With traditional analog signal processing, the detector signal is amplified, shaped, filtered and baseline restored by the shaping amplifier. The signal is then digitized by the ADC at the end of the processing chain. The 9660 performs pre-conditioning and amplification of the signal presented by the preamplifier, then digitizes the signal directly at a very high sampling rate. The filtering, baseline restoration and optimization processes are then applied to the digitized data using real time digital processing algorithms. This reduces noise effects while making possible the use of more efficient and sophisticated filtering algorithms than can be achieved in the analog domain. The net result is a reduced processing time for better throughput with improved resolution and enhanced stability.

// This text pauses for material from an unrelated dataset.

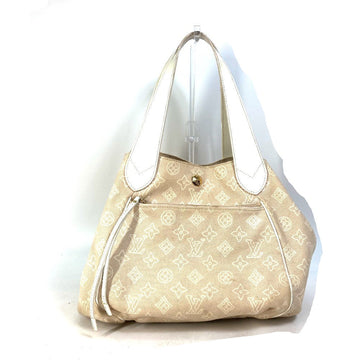 LOUIS VUITTON Tote Bag M95986 canvas beige Monogram beach line Cabas Ipanema GM Women Used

The weighting function applied in the 9660 filter algorithm produces a symmetrical and near ideal Triangular/Trapezoidal filter function. Trapezoidal shaping requires less processing time for equivalent resolution obtained with semi-Gaussian shaping. The result is less dead time, less pileup, more events processed and higher throughput. Conversely, superior resolution results when the trapezoidal processing time is increased to match a particular semi-Gaussian processing time. The duration of the trapezoidal flat top can be automatically or manually adjusted to eliminate detector ballistic deficit and charge collection effects. Triangular shaping is optimal for small detectors which don’t exhibit ballistic deficit or charge collection irregularities and is obtained by reducing the trapezoidal flat top to zero.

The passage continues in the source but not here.